Many accidents have happened when handling horses during saddling and unsaddling.

Farmers need to ensure that they invest time and effort when sourcing a suitable horse for their children. Appropriate temperament, behaviour, health condition, age, and life experiences of the animal will directly contribute to the riding experience your children will encounter.

This further extends into investing time and effort into ensuring children are competent riders before allowing them to engage in work activities such as droving livestock.

Sending children to riding lessons at a riding school is strongly encouraged.

Enroll farm kids enroll in local Pony Clubs and Gymkhanas – where they are trained to safely ride ponies/ horses in a controlled environment but are exposed to different challenges to expand their skills, abilities and confidence.

Farming parents should improve their working children’s riding capability and skills prior to allowing them to undertake duties on horseback such as droving sheep and cattle on the farm, also taking into account the terrain and conditions on the farm.

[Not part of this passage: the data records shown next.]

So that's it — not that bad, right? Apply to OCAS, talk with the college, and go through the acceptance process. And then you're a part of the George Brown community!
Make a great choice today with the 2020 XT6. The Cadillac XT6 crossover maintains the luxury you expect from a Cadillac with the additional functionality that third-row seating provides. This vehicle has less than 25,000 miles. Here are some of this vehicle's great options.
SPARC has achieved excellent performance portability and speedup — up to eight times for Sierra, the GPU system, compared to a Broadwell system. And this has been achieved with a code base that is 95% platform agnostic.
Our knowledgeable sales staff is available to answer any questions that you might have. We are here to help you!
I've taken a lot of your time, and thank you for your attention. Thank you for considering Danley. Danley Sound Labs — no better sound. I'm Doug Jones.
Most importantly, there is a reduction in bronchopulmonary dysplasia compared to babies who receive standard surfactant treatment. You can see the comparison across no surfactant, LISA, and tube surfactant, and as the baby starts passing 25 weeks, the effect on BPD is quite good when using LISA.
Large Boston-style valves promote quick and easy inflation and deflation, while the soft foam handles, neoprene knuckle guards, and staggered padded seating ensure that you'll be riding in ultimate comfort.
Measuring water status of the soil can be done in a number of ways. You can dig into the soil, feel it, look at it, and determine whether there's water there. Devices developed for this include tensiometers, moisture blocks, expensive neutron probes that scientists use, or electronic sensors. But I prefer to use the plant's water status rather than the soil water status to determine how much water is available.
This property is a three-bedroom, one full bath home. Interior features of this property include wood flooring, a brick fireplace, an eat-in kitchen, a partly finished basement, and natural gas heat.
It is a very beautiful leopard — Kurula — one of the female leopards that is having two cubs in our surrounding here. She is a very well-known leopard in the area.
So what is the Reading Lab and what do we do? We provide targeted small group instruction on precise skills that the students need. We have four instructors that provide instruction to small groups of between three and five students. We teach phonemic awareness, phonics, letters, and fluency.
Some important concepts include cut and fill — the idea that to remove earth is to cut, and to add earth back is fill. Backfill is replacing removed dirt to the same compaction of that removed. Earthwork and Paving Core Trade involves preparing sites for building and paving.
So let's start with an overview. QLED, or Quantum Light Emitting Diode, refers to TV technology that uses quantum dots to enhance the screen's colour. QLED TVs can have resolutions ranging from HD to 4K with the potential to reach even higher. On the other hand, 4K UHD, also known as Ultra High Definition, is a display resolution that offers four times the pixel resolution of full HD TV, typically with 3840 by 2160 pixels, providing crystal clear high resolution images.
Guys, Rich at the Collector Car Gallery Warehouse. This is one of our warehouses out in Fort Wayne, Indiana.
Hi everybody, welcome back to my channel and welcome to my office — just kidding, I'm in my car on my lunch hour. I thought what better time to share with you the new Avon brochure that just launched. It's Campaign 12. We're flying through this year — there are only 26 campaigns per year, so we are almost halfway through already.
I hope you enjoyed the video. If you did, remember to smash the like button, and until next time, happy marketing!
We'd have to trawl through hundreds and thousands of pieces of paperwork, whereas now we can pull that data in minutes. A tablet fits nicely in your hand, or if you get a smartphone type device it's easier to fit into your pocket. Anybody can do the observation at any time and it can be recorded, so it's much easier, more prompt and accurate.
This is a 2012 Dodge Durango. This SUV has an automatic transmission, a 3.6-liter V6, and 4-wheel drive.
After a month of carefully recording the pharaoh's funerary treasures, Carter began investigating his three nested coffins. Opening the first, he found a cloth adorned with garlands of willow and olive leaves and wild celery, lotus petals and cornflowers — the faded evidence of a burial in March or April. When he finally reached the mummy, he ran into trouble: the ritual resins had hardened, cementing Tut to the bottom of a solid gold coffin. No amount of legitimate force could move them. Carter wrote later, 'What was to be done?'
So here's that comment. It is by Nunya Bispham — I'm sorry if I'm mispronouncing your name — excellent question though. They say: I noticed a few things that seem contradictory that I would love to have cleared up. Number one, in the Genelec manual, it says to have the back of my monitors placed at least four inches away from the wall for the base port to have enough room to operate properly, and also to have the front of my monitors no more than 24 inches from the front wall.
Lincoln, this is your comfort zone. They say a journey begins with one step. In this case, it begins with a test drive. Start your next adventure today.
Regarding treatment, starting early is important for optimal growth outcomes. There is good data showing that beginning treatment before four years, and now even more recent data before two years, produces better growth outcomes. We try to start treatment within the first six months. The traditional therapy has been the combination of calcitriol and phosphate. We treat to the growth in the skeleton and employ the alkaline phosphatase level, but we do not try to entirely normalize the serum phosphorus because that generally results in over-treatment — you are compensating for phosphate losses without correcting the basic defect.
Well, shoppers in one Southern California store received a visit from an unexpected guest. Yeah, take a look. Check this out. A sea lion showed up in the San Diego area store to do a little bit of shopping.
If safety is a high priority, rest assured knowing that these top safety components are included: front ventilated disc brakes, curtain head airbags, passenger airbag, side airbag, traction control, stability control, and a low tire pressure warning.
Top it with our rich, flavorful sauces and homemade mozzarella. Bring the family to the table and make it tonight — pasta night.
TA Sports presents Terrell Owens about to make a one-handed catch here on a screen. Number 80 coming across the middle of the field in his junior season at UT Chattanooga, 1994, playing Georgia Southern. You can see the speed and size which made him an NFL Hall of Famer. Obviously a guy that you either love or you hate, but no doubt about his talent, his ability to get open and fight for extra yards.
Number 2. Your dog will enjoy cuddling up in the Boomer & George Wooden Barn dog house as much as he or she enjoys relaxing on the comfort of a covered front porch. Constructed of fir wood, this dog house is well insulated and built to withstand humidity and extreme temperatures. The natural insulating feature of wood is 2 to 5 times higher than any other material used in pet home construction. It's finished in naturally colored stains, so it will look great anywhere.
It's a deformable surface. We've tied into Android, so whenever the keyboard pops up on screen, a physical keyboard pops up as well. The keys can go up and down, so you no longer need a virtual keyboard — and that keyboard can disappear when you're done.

An effective control is ensuring that horses are properly matched to riders. It’s important to train the rider, but it is equally important to have a well-trained horse that is used to young riders and well known to parents/handlers. Some horses are suitable to herding livestock – they may be a brilliant kids pony but if they aren’t trained around cattle/sheep, they could become a very different horse under those situations – especially with inexperienced or young riders.


Substitute the risk

  • Choose the safest mode of transport. It may be safer to drive a suitable vehicle (e.g. an SSV).
  • Ensure that working children only ride horses that are suited to their size and capabilities.
  • Inexperienced riders should not be partnered with aggressive or nervous horses.


Administrative controls

  • Provide horse riding training for working children with external training providers (e.g. riding schools, pony clubs, gymkhanas) to ensure they have adequate skills to ride horses safely.
  • Ensure that someone else is with them when saddling and unsaddling horses, to raise the alarm if something goes wrong.


Personal Protective Equipment

Ensure that everyone involved in work that involves the use of horses wears an appropriate riding helmet. Also ensure that appropriate boots and chest guards are worn.